Source: Kristin Meekhof
“We tell each other stories to live.” –Jeanne Didion
As a social worker turned bestselling author, this quote from Joan Didion is one of the reasons I wrote my book. And one of the most frequently asked questions I get is, “How did you write a book?” People also want to know how I attracted more than one publisher and how I got support from a literary agent, a Pulitzer Prize-winning author, as well as best-selling authors and media personalities Katie Couric , Deepak Chopra, MD, and Maria Shriver.
What follows may surprise you, especially since the literary and editorial community can be a bit of an enigma. Nothing in my educational background or professional experience prepared me for the publishing industry. It was a kind of baptism of fire. Through my undergraduate training in psychology and then my graduate studies in the helping field, I learned to be empathetic and compassionate. My first experiences with the media and the world of books were anything but a warm welcome. I remember an initial jab with a PR woman (who has worked with several respectable authors). After reviewing some of my writing samples, she said, “I knew you were on a learning curve, but I didn’t know you were at the bottom.”
The criticism stung. However, I knew perseverance would win. And within days I was exchanging emails directly with Dr. Deepak Chopra.
I also focused on why I wanted to write a book. After my husband died in 2007, I read everything I could about loss and grief, and it didn’t have to relate to that of a spouse or partner. I was curious to know how people were doing. I noticed that there were a lot of women’s accounts in the bereavement/loss literature. And sharing the stories of resilient women mattered to me.
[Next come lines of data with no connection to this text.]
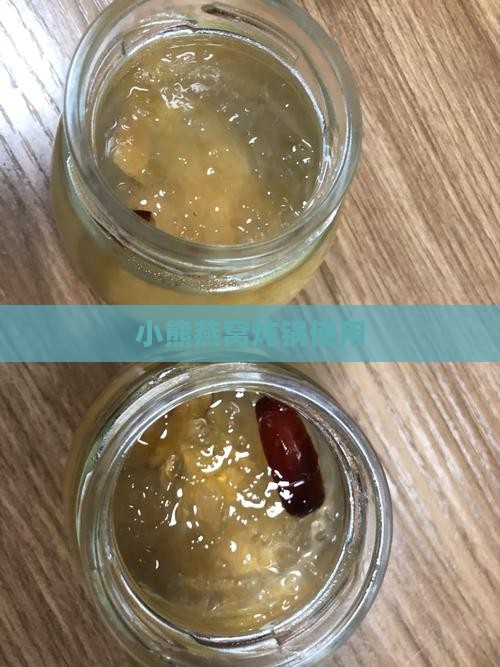 小熊燕窝炖锅使用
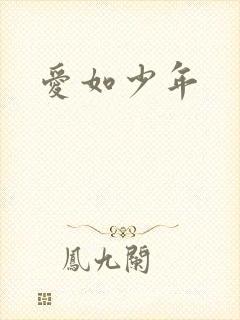 爱如少年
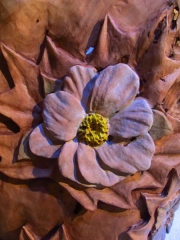 Northwest Territories Mountain Avens IMG_8427 (Large) - Copy - Copy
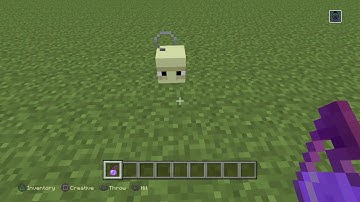 Invisible Shulker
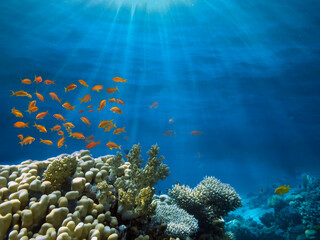 Fototapeta na wymiar Photo of a coral colony, Red Sea, Egypt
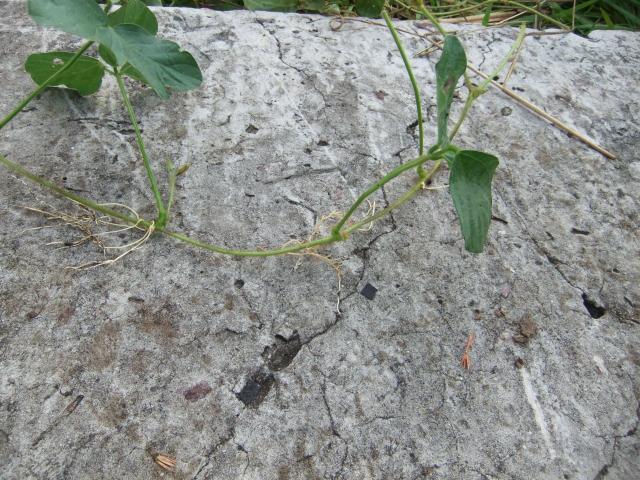 Calopo (Calopogonium mucunoides), rooting at the nodes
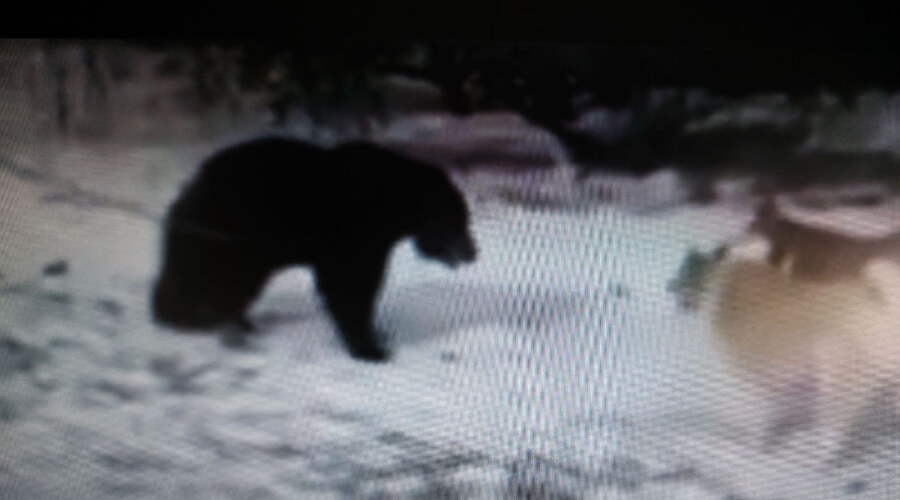 Россиянин натравил на привязанного медвежонка двух псов и показал в Instagram со словами «Готовимся к сезону!»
Here are seven things everyone should know about writing a book:
1. Chances are you’re already an expert in the category you want to write about.
The grief/loss category of my book is full of well-known authors and experts with more degrees than me; however, I knew no one could tell my story like I can. I also understood, by interviewing women who have lost their spouse or partner, that I would share untold stories and that is new content. It’s not uncommon to undermine your life experiences because you don’t see them as “professional” or relatively small work and yet they are situations that make you communicable. Others can learn from them and your ideas.
2. Pursuing a new project can promote personal and professional growth.
If your business follows a typical pattern, chances are you are moving in a certain circle. You may feel valued within your social or professional networks, but you see the same people. In the midst of a new project, like writing a book, you broaden your impact and seek out new resources. It means trying and learning new ways to enrich yourself and engage with new communities.
3. Digital platforms provide access to influential people.
I was taken completely by surprise when I found out that I was responsible for getting blurbs and support for my book. Without any connection or professional PR experience, I knew my hope was online. Digital platforms, such as the use of Twitter and other social media, provide access to influencers. And as an introvert, it made me really think about my word choices. Using Twitter and other social media, I made direct contact with Deepak Chopra, Katie Couric, Maria Shriver and other media influencers. The good news is that this means the people involved in the topics you care about are accessible. It should go beyond just saying “hi” and not “asking” for something the moment you log in. When I teach people how to connect, I remind them that many well-known people are in the service of well-being.
4. Non-traditional publishing channels are possible.
As a book consultant and author coach, I worked with a PhD-level psychologist who went straight to a book publisher and submitted her manuscript. Her non-fiction book is set to launch later this year. It should be noted that a literary lawyer reviewed his agreement before it was signed.
5. Transformation can happen without leaving a full-time job.
At the time of writing my manuscript, I was working full-time as a social worker. I set myself a rigorous schedule (two evenings a week and several weekends) to do my research and write. With the luxury of a paid vacation, I used it to take trips and in-person interviews. Few people I have known, other than those on sabbaticals, have been able to dedicate all of their time to a book project.
6. The pursuit of profit doesn’t mean you have to spend buckets of cash.
Things like reaching out on social media or sending an email are free and effective. These things can influence more than you think. By leveraging my social media influencers and asking my family and friends to rally behind me, my book was ranked #1 in many categories (i.e. Grief/Bereavement) even before its launch. I only made one paid ad. It was last year, not to support my book, but to help another caregiver’s non-profit organization.
7. Moonshot mindset matters.
Some may see becoming a first-time author or writing another book as a moonlighting opportunity, but I knew to focus on my passion project and get results (i.e. finish a chapter, get an interview) would bring fulfillment. Every time I created an opportunity by reaching out to someone (eg cold call, email), I imagined success. It didn’t mean a favorable response every time, but 90% of my efforts were successful. Exploring new things affected me in a positive way, which encouraged me to nurture more relationships.
Resilience can supplant writing anxiety. The reality is that most have doubts about pursuing something new. Focusing on who you want to reach and why you want to do it can transcend old fears.